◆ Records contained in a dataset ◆
════════════════════

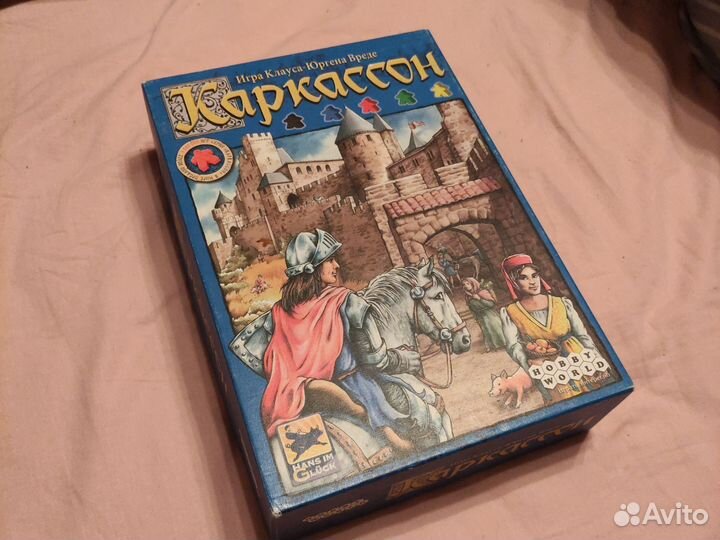 Каркассон Настольная игра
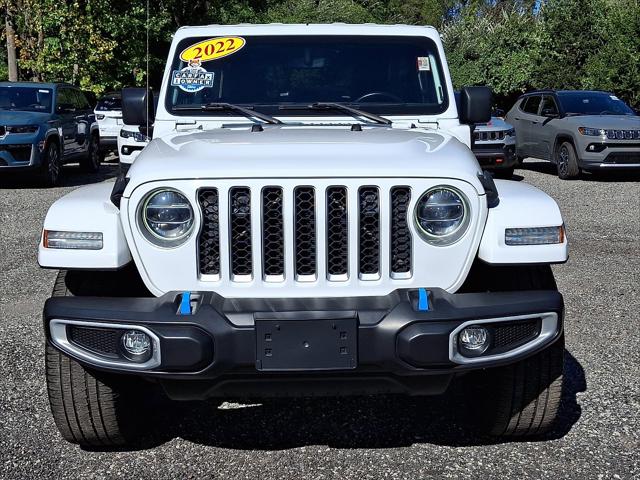 2022 Jeep Wrangler 4xe Unlimited Sahara 4x4 2022 Jeep Wrangler 4xe Unlimited Sahara 4x4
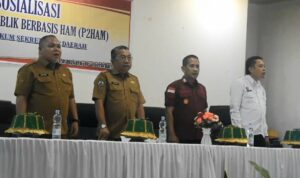 Buka Sosialisasi, Sekda Pasangkayu: Pelayanan Publik Harus Berlandaskan HAM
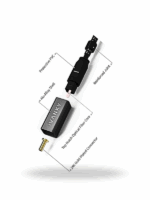 iVANKY Cable Óptico de Audio Digital – 1 Metro - Image 2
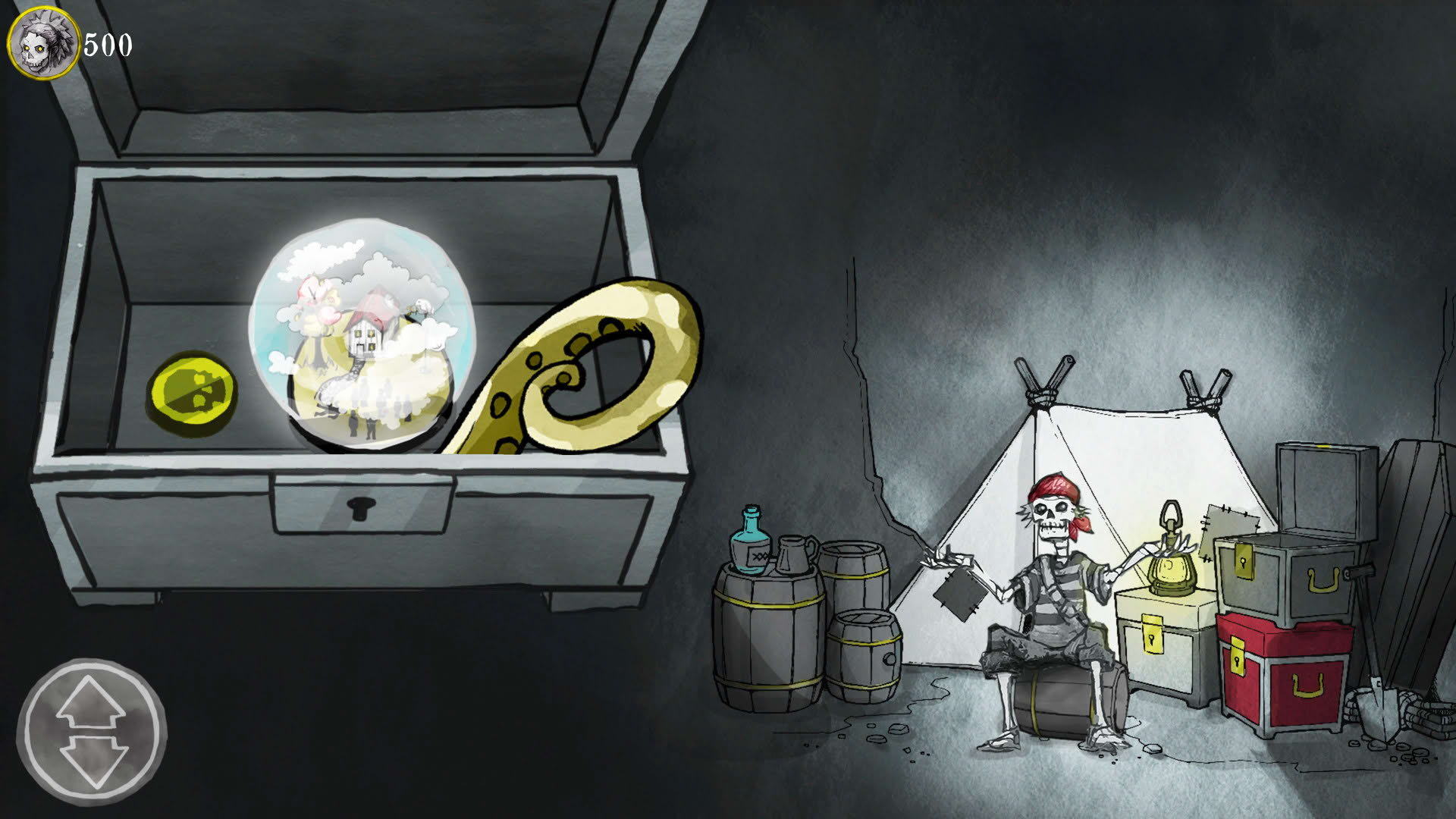 Screenshot for Death and Taxes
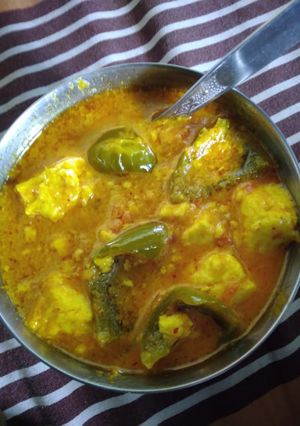 A picture of Kadai paneer.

════════════════════

◆ The task ◆
Copy the lines starting at the line that contains "Buka Sosialisasi, Sekda" and running to the final line of the entries, inclusive; omit all pictures.

◆ Task result ◆
 Buka Sosialisasi, Sekda Pasangkayu: Pelayanan Publik Harus Berlandaskan HAM
 iVANKY Cable Óptico de Audio Digital – 1 Metro - Image 2
 Screenshot for Death and Taxes
 A picture of Kadai paneer.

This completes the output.